§ **Exercise materials**
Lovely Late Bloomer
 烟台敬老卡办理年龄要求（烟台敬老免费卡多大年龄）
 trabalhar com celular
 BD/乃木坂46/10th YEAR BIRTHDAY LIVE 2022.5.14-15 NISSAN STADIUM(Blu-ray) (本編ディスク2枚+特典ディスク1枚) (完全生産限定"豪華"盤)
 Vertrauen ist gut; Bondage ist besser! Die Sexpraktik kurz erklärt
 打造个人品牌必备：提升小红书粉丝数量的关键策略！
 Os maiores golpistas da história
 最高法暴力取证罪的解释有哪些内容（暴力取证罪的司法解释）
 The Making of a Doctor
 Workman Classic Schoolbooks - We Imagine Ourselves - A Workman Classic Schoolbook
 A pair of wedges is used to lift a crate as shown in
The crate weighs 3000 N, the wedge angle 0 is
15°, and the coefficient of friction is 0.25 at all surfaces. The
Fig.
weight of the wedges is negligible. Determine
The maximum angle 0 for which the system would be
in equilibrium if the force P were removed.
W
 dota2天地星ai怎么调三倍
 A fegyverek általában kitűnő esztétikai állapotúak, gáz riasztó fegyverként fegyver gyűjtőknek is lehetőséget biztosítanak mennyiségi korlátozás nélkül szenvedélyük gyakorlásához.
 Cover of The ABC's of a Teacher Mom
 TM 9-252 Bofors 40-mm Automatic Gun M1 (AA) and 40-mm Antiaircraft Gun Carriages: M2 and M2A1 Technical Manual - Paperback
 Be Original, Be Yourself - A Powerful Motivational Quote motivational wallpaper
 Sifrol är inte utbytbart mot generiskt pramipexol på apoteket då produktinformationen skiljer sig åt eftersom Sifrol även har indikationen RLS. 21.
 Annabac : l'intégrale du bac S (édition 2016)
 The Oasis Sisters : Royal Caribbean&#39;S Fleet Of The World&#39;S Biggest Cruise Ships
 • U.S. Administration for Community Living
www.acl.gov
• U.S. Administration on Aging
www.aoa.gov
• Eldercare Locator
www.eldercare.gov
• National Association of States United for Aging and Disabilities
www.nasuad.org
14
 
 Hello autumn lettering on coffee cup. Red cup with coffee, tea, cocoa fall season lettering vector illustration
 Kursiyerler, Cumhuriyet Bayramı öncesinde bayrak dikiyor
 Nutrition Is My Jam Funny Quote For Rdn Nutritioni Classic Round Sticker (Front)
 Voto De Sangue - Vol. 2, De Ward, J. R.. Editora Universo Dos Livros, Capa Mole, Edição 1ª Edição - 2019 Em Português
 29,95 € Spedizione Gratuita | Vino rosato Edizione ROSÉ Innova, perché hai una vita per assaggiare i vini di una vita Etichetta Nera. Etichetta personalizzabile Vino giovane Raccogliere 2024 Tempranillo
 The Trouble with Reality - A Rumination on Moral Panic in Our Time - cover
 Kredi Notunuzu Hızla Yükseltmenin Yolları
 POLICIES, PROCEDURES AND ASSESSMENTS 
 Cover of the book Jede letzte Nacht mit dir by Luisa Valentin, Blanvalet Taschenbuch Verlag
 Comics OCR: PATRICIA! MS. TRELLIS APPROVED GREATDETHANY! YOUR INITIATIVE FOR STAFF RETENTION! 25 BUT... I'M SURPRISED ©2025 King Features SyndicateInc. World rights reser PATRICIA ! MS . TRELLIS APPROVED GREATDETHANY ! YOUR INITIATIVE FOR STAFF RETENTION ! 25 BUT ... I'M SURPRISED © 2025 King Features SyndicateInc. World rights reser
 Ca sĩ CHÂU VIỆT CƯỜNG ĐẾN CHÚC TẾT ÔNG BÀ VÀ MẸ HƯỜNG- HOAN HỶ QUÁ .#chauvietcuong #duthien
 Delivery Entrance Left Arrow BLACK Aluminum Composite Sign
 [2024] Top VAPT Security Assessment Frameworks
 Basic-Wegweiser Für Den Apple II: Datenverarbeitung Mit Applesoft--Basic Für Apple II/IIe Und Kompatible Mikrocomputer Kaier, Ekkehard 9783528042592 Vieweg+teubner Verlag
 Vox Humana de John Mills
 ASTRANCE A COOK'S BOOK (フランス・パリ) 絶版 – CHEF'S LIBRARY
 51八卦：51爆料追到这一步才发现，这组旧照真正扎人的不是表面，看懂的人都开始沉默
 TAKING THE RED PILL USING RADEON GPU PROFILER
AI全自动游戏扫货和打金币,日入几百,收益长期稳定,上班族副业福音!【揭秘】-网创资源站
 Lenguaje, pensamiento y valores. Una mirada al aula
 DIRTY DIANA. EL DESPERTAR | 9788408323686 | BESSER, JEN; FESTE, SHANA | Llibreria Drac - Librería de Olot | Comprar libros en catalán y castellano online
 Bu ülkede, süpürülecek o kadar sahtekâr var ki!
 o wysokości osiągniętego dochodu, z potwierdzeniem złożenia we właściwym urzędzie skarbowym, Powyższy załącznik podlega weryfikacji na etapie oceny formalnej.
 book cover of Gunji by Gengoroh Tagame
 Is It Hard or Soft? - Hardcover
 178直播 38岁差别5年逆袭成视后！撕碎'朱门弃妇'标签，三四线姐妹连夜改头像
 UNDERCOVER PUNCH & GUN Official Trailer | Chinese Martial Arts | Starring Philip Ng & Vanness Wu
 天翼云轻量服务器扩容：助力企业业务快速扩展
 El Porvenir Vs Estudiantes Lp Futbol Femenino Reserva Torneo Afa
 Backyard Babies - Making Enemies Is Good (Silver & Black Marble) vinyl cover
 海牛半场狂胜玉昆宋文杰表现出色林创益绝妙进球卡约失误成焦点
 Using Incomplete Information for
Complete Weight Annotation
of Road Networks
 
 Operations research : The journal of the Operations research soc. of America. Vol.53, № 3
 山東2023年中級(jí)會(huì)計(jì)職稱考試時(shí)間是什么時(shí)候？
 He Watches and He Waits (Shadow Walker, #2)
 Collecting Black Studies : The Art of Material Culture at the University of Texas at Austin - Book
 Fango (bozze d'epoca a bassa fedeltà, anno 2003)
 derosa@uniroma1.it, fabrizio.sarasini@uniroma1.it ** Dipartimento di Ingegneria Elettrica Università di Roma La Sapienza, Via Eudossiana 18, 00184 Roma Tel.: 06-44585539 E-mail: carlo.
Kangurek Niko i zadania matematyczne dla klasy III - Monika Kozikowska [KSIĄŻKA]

§ **Action item**
Extract, verbatim, the lines from the one containing "海牛半场狂胜玉昆宋文杰表现出色林创益绝妙进球卡约失误成焦点" through the last line of the listing above.

§ **Answer box**
 海牛半场狂胜玉昆宋文杰表现出色林创益绝妙进球卡约失误成焦点
 Using Incomplete Information for
Complete Weight Annotation
of Road Networks
 
 Operations research : The journal of the Operations research soc. of America. Vol.53, № 3
 山東2023年中級(jí)會(huì)計(jì)職稱考試時(shí)間是什么時(shí)候？
 He Watches and He Waits (Shadow Walker, #2)
 Collecting Black Studies : The Art of Material Culture at the University of Texas at Austin - Book
 Fango (bozze d'epoca a bassa fedeltà, anno 2003)
 derosa@uniroma1.it, fabrizio.sarasini@uniroma1.it ** Dipartimento di Ingegneria Elettrica Università di Roma La Sapienza, Via Eudossiana 18, 00184 Roma Tel.: 06-44585539 E-mail: carlo.
Kangurek Niko i zadania matematyczne dla klasy III - Monika Kozikowska [KSIĄŻKA]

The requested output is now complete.